Posted: Mon Mar 29, 2010 1:56 pm
by JHarris
Single, double, triple, quad and so on refers to the number of wires used in the winding. For example, a 15x2 would use 15 turns of wire around each armature pole, but there would be 2 seperate wires of around 20ga wire. A 15x4 would also have 15 turns around each pole, but would use 4 strands of wire. The difference is torque and efficiency. A 15x2 will be snappier on the bottom end, but will not have the run time that a 15x4 will have. A double is also not as smooth as a triple or quad. There are a number of considerations when choosing a motor, especially a brushed motor. For just bashing around in the street or the baseball field at the local school yard, a 19t or a 27t brushed would be just fine.
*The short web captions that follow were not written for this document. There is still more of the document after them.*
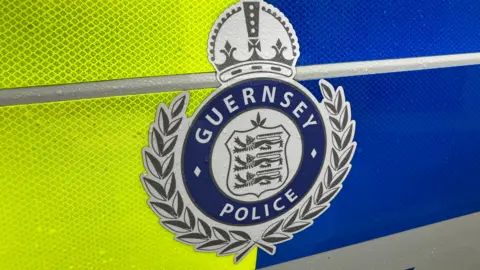 BBC Guernsey Police crest on a background with reflective fluorescent yellow on the left and reflective blue on the right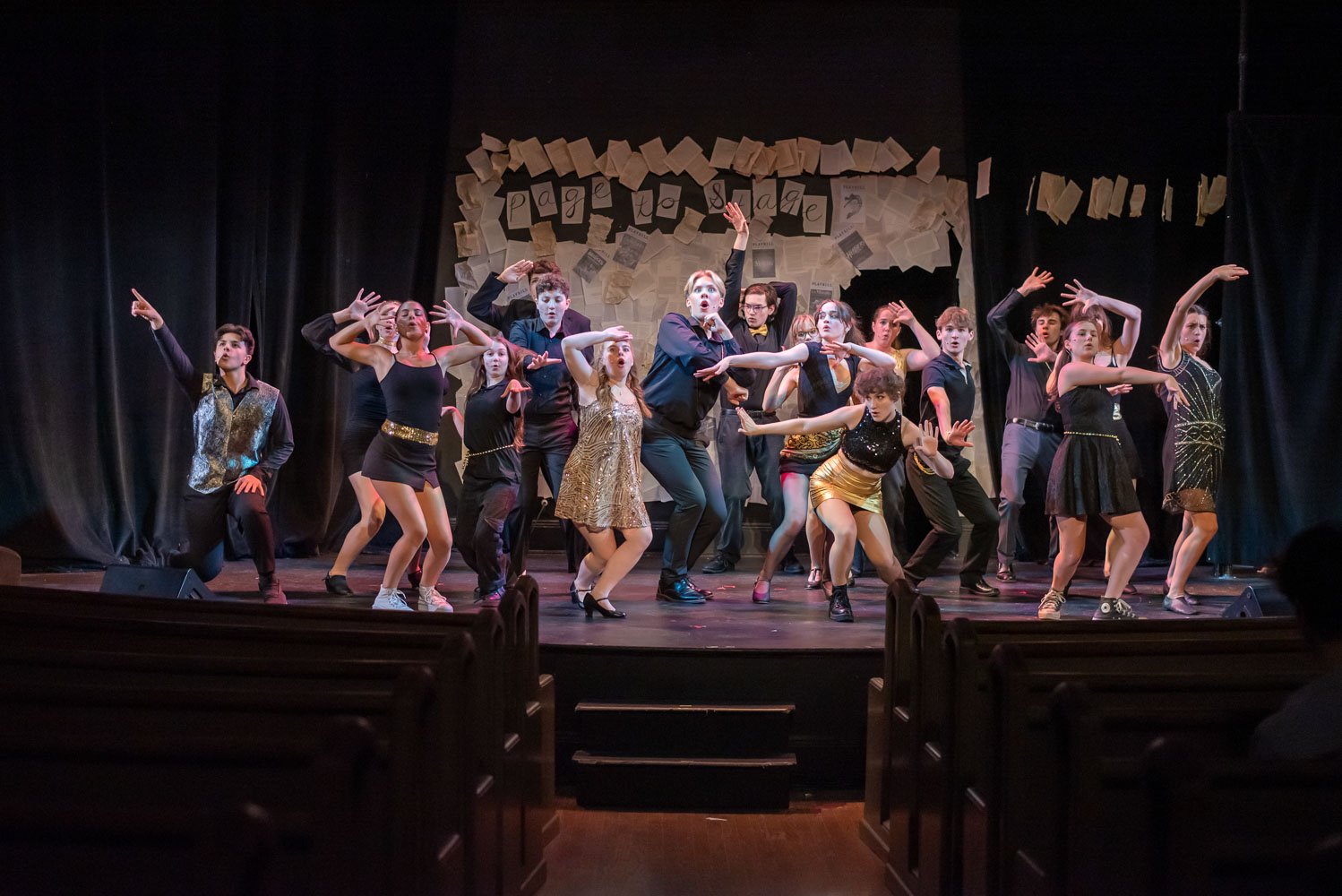 A group of young performers dancing on a stage with a backdrop of books and papers. They are dressed in a mix of casual and shiny costumes, striking energetic poses. Performance of Page to Stage cabaret.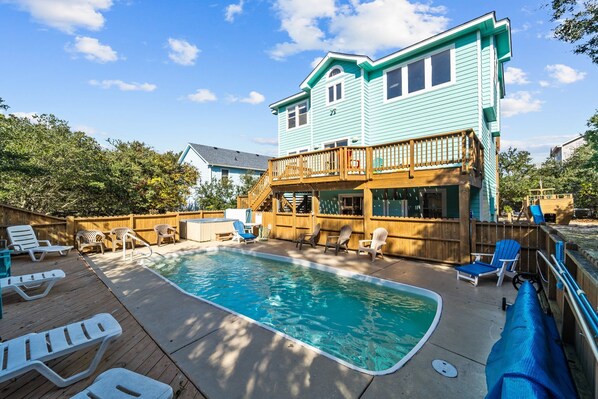 A two-story house with a swimming pool, deck chairs, and a wooden fence.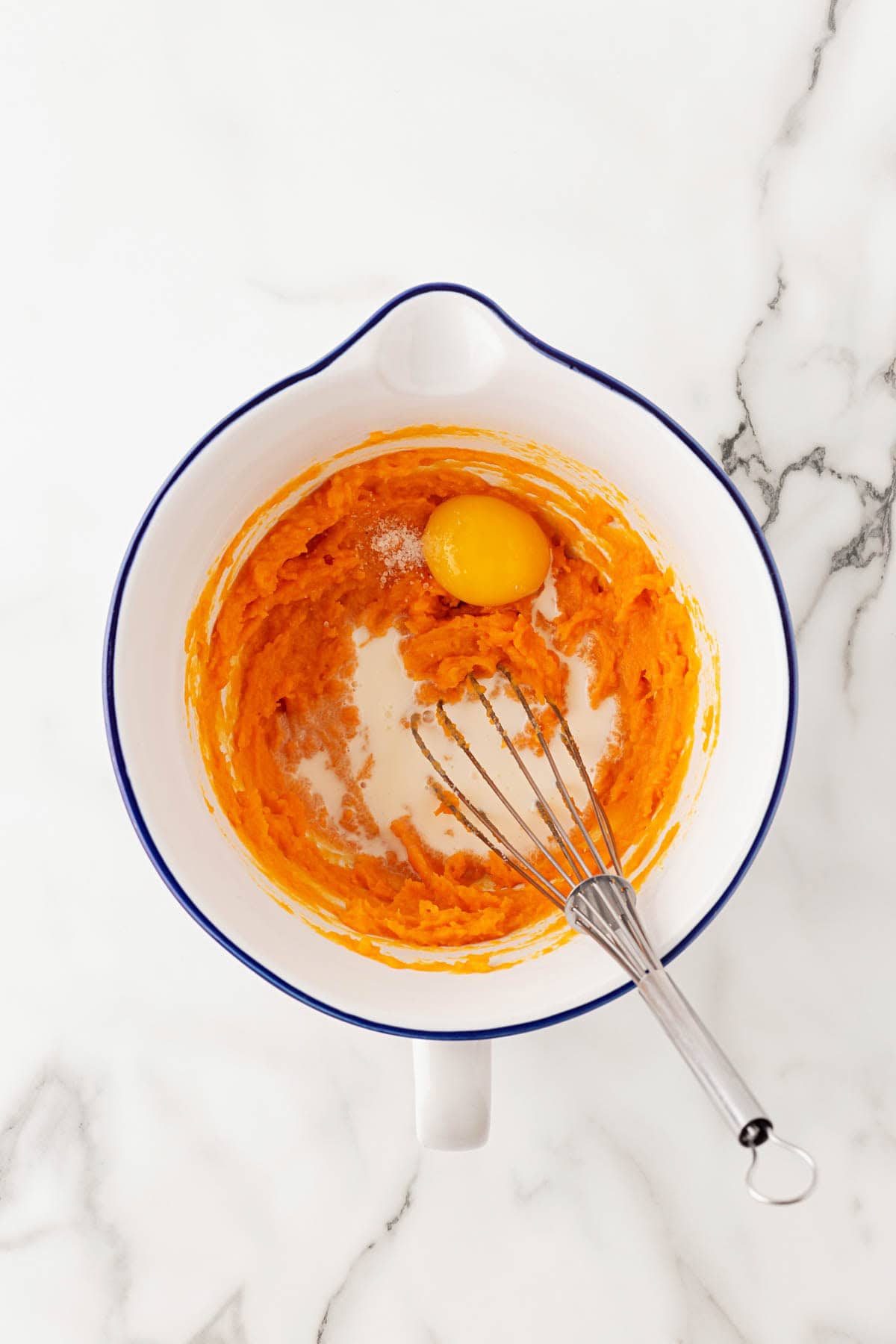 Mashed sweet potato in a mixing bowl with an egg, milk, and a whisk ready to blend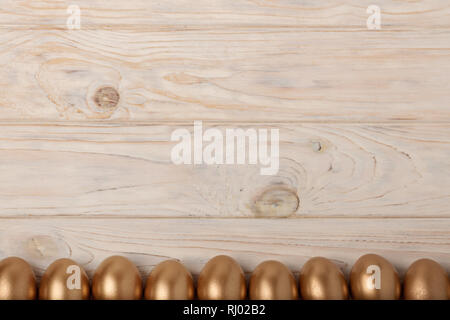Happy easter! Easter decor and Easter eggs of golden color on a light wooden background. Selective focus. Stock Photo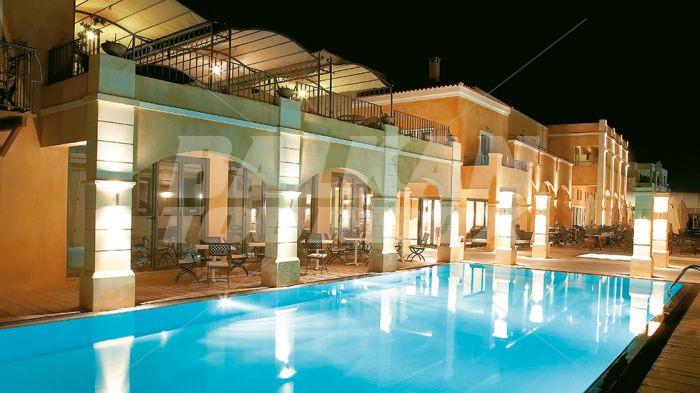 holiday in Grecotel Plaza Spa Apartments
The "silver dot" previously mentioned is a 21x1 motor. Compare that to the 27t stock motor and the 19t motor, both of which are single winds. For a higher wind like those, a single isn't a bad thing since the motor isn't a monster anyway. A couple of my favorite 2wd motors back in the day were a 17x1 and a 20x1. Once again, this fits with the already recommended 19t or 27t stock motors.

Another consideration for you has to be the transmission type. You titled your thread as "Championship Edition", so I am left to assume your car is equipped with a stealth transmission. If so, you aren't too restricted on motor choices. If it is the original 6 gear though, that's a different story.

I have to agree with the previous post though. You have to determine where your binding is coming from and resolve that issue before even considering anything else. If it is just a matter of dirty bearings, you can use a can of brake cleaner to spray the bearings until they are clean. If you place them on the tip of a pencil, you can spin them while you spray them. Lube them with your choice of lubricant and you will see a huge difference.

Don't forget the outdrive bearings when checking things. Also, check to be sure the wheels arent binding against the hub carriers. Improper spacing between the carrier bearings or insufficient spacing between the roll pin and the outer bearing will cause binding.

Hope this helps!

Re: Championship Edition

Posted: Mon Mar 29, 2010 3:39 pm
by campbuds
It is the 6 gear tranny

Here is a video of how freely the wheels spin. Notice there is some wobble too, is that ok?

Image

Re: Championship Edition

Posted: Mon Mar 29, 2010 3:46 pm
by soniccj5
From what I could see in the video(kept buffering) it looks btoh tires do not spin together. Do you still have the motor installed?

ED

Re: Championship Edition

Posted: Mon Mar 29, 2010 3:50 pm
by JHarris
You will need to remove the transmission from the vehicle. You have a few problems there. The wheels should never spin independently like that. If the motor is in the vehicle and the pinion gear is up against the spur gear, the tires should spin in opposite directions. If the motor is out and the spur gear is allowed to spin freely, both wheels should rotate in the same direction. Just as a reference, my vehicles would spin for about a minute with the 6 gear transmission.

Take the transmission out and open it up.